Renewables rise to 15% of U.S. electricity generation in Q1-Q3 2016

According to the latest information from the U.S. Department of Energy’s Energy Information Administration, renewable energy has increased to 15% of U.S. electricity generation in the first nine months of 2016, its highest level in at least 30 years. And while the largest single source is still hydroelectric dams, all non-hydro sources now make up a larger share at 8.5% of all generation.

Both distributed and utility-scale solar added up to 1.4% of total generation during this period, a 41% increase over the figure for the first nine months of 2015. And while the U.S. beat out Japan to become the world’s second-largest solar market this year, due to in part to its large size solar makes up a smaller portion of total generation than in Japan, most Western European nations and even some countries in Latin America.

Globally, Italy was the leading nation for the portion of electricity from solar at around 9.1% of production in 2015. However, this year Italy may be surpassed by Honduras, which installed 388 MW of solar in 2015 in a nation of only 8 million residents with a per-capita GDP of under $5,000 annually. In Germany, which was long the solar market leader, solar represented 6% of generation in 2015.

However, the United States’ portion of solar will increase significantly in coming years, as solar and wind are the leading sources of new capacity coming online.

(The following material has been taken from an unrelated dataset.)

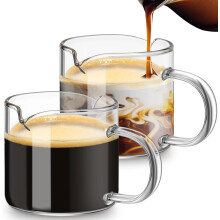 Cute Espresso Shot Cup 4 OZ Double Spout Glass Coffee Cups, Set of 2 Shot Glasses for Desserts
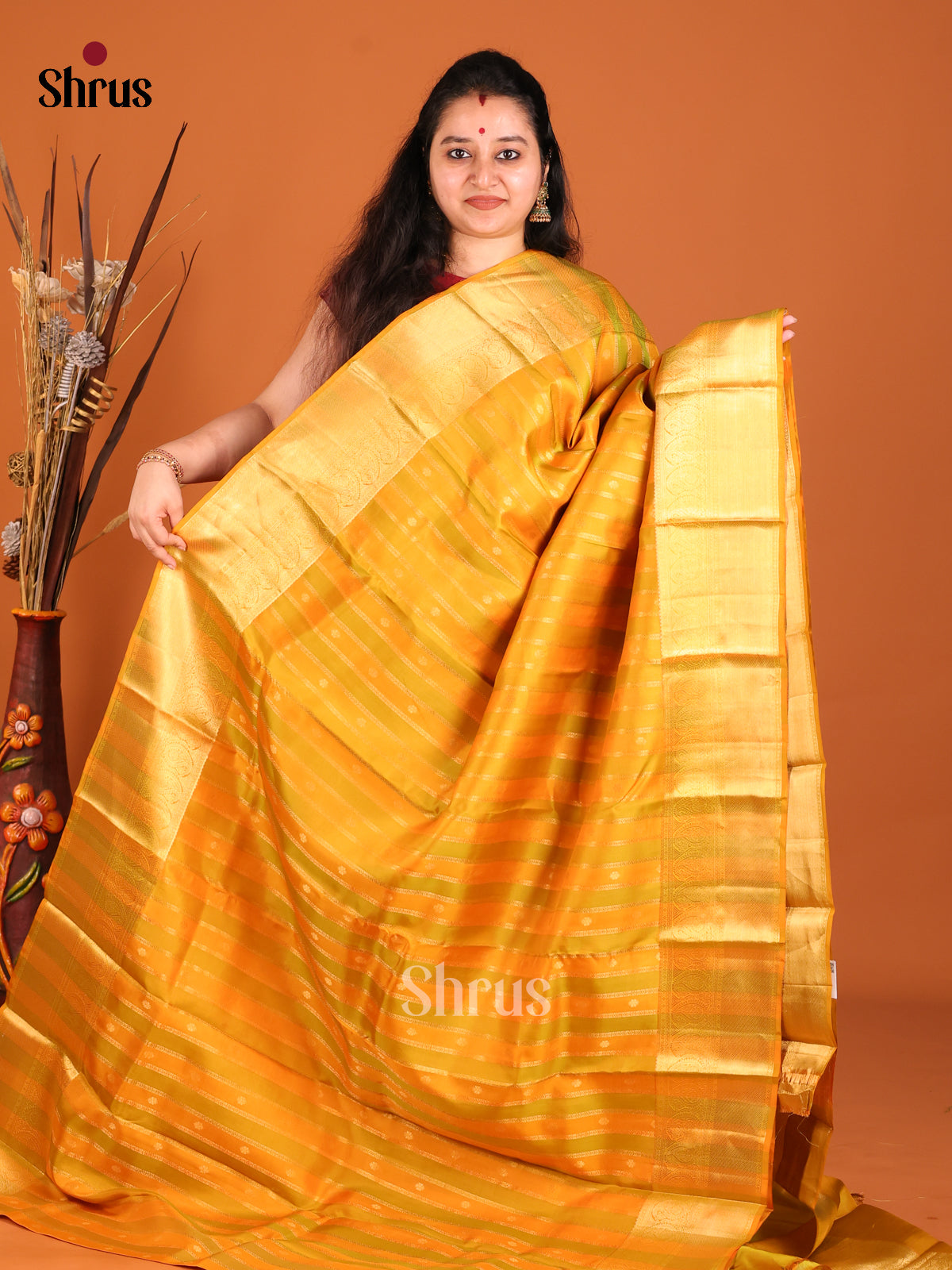 Mustard & Green - Kanchipuram-halfpure Saree - Shop on Shrus.com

The United States is expected to install 13-14 GW of solar PV this year, which will increase the overall capacity in the nation by 50%. According to Mercom Capital the United States will install another 13 GW in 2017, which means that the overall capacity of solar will double in only two years.

Currently the largest source of non-hydro electricity in the United States is wind, which represented 5.2% of generation in the first nine months of 2016. Similar to the extension of the U.S. Investment Tax Credit, the extension of the federal Production Tax Credit for wind means that the U.S. wind market remains strong, and a higher portion of non-hydro renewables can be expected in future years.